Озеров сделал длинную паузу.
Американец удивлённо приподнял брови и, чуть прищурившись, ждал.
Тумов отложил длинную нефритовую ручку с золотым пером — подарок монгольских друзей, хмуро покосился на поблёскивающий никелем аппарат: “Может, замолчит?”
Телефон продолжал звонить.
Тумов с сожалением пробежал глазами последнюю фразу рукописи: “Можно утверждать, что источником нейтронного излучения Земли являются не её недра, а атмосфера, где свободные нейтроны возникают под воздействием космических лучей. Следовательно…”
Телефон не унимался.
Тумов поморщился, сердито забарабанил пальцами по столу. Даже в воскресенье не хотят оставить в покое. Не мудрено, что работа над докторской диссертацией подвигается так медленно.
Резко отодвинул исписанные листки:
— Да… Игорь Николаевич Тумов у телефона… Откуда?.. Из Министерства иностранных дел?.. Гм…
Он откинулся в кресле, пригладил рыжеватые седеющие волосы:
— Да-да, слушаю; только, признаться, не могу понять, при чем тут я…

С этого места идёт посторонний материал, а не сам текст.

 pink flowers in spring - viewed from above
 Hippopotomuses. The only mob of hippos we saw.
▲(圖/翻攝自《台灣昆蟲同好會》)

Голос в телефонной трубке журчал монотонно, но внятно:
— Юго-западная Монголия… Заалтайская Гоби… Хребет Адж-Богдо… сорок пять градусов северной широты… девяносто пять градусов восточной долготы…

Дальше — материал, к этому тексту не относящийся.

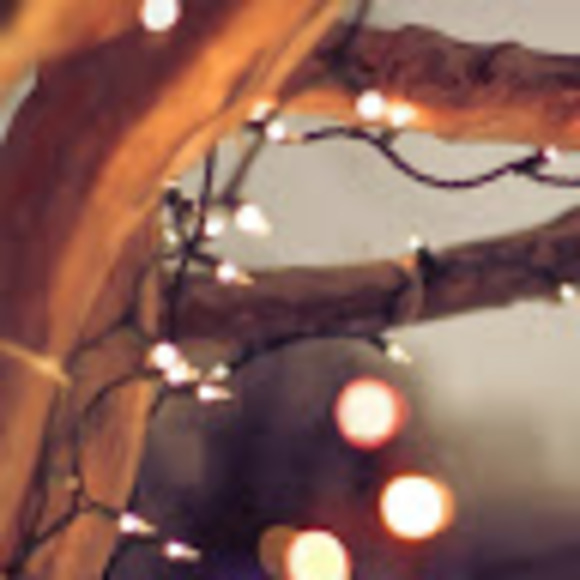 Emily Glebov - Poshmark Profile Picture of Emily Glebov (@emily_glebov) on Poshmark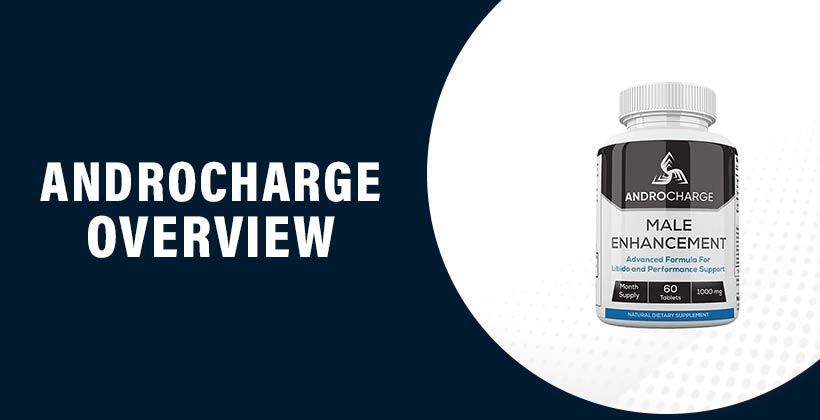 AndroCharge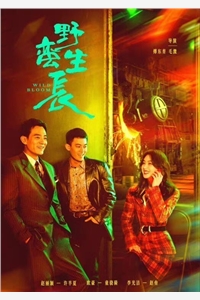 何雨柱许大茂《全文系统觉醒，何雨柱成了最大bug》完整版免费在线阅读_（何雨柱许大茂）全集免费阅读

Тумов прижал трубку плечом, взял из пепельницы недокуренную сигару, щёлкнул зажигалкой, затянулся. Сквозь клубы голубоватого дыма глянул в открытое настежь окно.
Дождь прекратился. Тучи сваливались на северо-восток, за Москву. Над мокрыми крышами в лучах низкого уже солнца поблёскивали окна высотных зданий.
Невидимый собеседник продолжал уговаривать.
— Ладно, — перебил Тумов, не выпуская изо рта сигары. — Все понял. Это срочно?.. Черт… Тогда пришлите машину. Пусть подъезжает к главному входу университета… Да, вот что! Я попробую захватить с собой приятеля. Мы вместе работали в тех местах… Геолог. Аркадий Михайлович Озеров. Он сейчас или в Москве, или на Камчатке… Нет, на Камчатку за ним не поеду. Только в Сокольники. Ладно… Выхожу…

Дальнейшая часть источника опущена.